Dokumentation und Implementierung

  • Neuordnung / schriftliche Festlegung der Organisationstruktur
  • Erstellung Richtlinien / Handbücher / Beschreibungen / Prozessabläufe
  • Kommunikation und Veröffentlichung in der Verwaltungsorganisation

Laufende Überwachung und Verbesserung

  • Überprüfung der Wirksamkeit der Maßnahmen
  • Überprüfung der Durchführbarkeit der Maßnahmen
  • Anpassung an neue rechtliche und faktische Rahmenbedingungen

Risiken identifizieren, in Risikoklassen einteilen und risikomitigierende Maßnahmen festlegen

Die Risikoanalyse und die Risikodokumentation sind wesentliche Bestandteile eines TaxCMS, da sich hieraus Folgemaßnahmen und Kontrollen ableiten lassen, die eine Risikomitigation, d.h. steuerliche Risiken vermeiden oder auf ein vertretbares Maß minimieren, als Ziel haben. Im Zuge der Risikoerhebung sollte auch eine Analyse und Dokumentation der zugrunde liegenden Prozesses erfolgen, um ein vollständiges Gesamtbild aller involvierten Einheiten und Personen zu erhalten.

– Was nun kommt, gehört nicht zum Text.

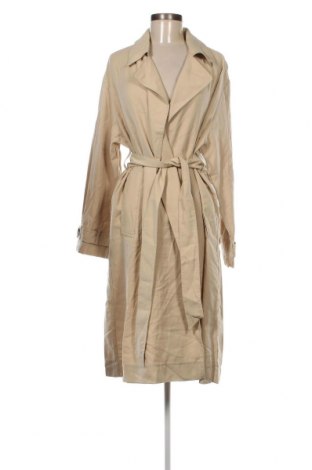 Damen Trenchcoat Mango, Größe M, Farbe Beige, Preis 80,41 €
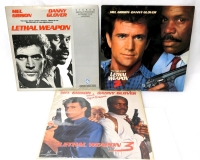 Vintage LaserDisc Movies: Lethal Weapon 1, 2 & 3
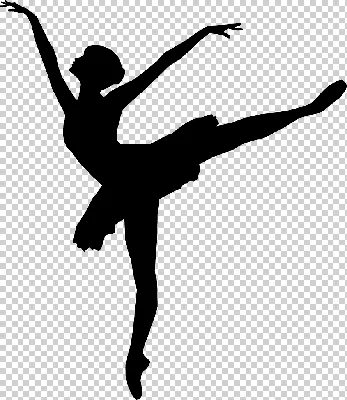 Силуэт балерин Векторное изображение ©Ola-Ola 143353405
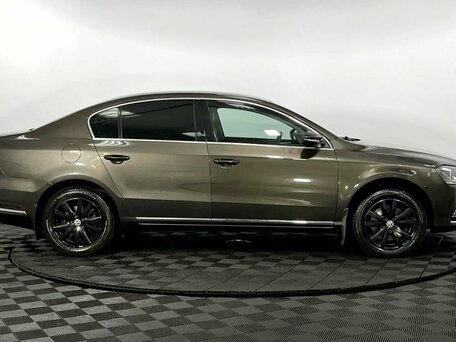 2011 Volkswagen Passat B7, коричневый, 1235000 рублей, вид 5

Die Risikoanalyse erfordert eine entsprechende initiale Bewertung des Gesamtrisikos ("Brutto-Risiko") in der Bandbreite (sehr) niedrig bis (sehr) hoch anhand vorab definierter Bewertungsparameter. Diese Bewertungsparameter erfassen regelmäßig die "Schadenshöhe" und die "Eintrittswahrscheinlichkeit". Für beide Bewertungskriterien können weitere Unterkriterien definiert werden, um die Risikoeinschätzung präziseren und vereinheitlichen zu können.

Beispiele für Unterkriterien

Bewertungskriterium

Unterkriterium

Schadenshöhe

  • Transaktionshäufigkeit
  • Transaktionshöhe

Eintrittswahrscheinlichkeit

  • Rechtliche Komplexität
  • Tatsächliche Komplexität
  • Qualifikation des Personals

In Abhängigkeit von der Höhe des Brutto-Risikos sind dem spezifischen Einzelrisiko Maßnahmen entgegenzusetzen.

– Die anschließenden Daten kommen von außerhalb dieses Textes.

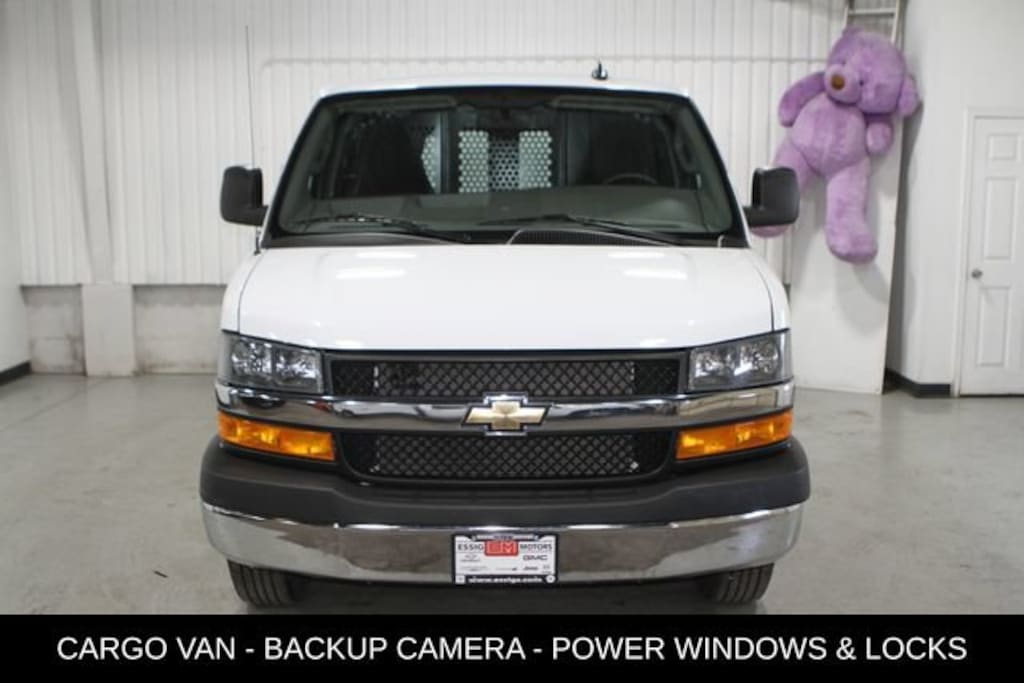 Used 2024 Chevrolet Express Cargo 2500 WT Van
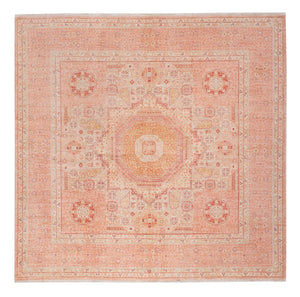 Tappeto Ziegler - Ariana quadrato  - 207 x 198 cm - rosso chiaro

Folgende Tabelle stellt verkürzt unterschiedliche Ausprägungen von möglichen Gegenmaßnahmen dar:

Niedriges Brutto-Risiko

Mittleres Brutto-Risiko

Hohes Brutto-Risiko

risikomitigierende Maßnahmen

  • Arbeitsanweisung
  • Richtlinien / Handbücher
  • Schulungskonzept
  • Schulungen
  • Checklisten
  • Laufende Kommunikation
  • Fristenkontrolle
  • Prozessrichtlinien
  • 4-Augenprinzip
  • Kontrollen (automatisiert, workflowbasiert, vorlagenbasiert)

Aus der Kombination von Brutto-Risiko und mitigierenden Maßnahmen ergibt sich das Netto-Risiko, das im Ergebnis ein angemessen niedriges und akzeptierbares Restrisiko darstellen sollte.

Zeitrahmen für die Einführung eines TaxCMS

Die geschilderten Rahmenbedingungen und Projektinhalte machen deutlich, dass die Einführung eines TaxCMS einen angemessenen zeitlichen Rahmen erfordert. Bei der zeitlichen Komponente ist auch zu beachten, dass das Projekt nicht allein durch die Verwaltungsspitze und/oder die Kämmerei durchgeführt werden kann, sondern die Involvierung einer Vielzahl an Personen, die in die steuerlichen Prozesse eingebunden sind, erforderlich macht und deren Mitwirkung erfordert. Die Erfahrung der Praxis zeigt, dass erfolgreiche TaxCMS-Projekte (d.h. Systeme, die eine angemessene Schutzwirkung entfalten) regelmäßig einen Zeitraum von mindestens einem Jahr erfordern.

Die Vorteile eines TaxCMS liegen in einer deutlichen Fehlerreduzierung, der Vermeidung von straf- und bußgeldrechtlichen Sanktionen sowie der Reduzierung des Risikos der Geltendmachung von Schadenersatzansprüchen gegen die handelnden Personen und rechtfertigen deshalb diesen (zeitlichen) Aufwand.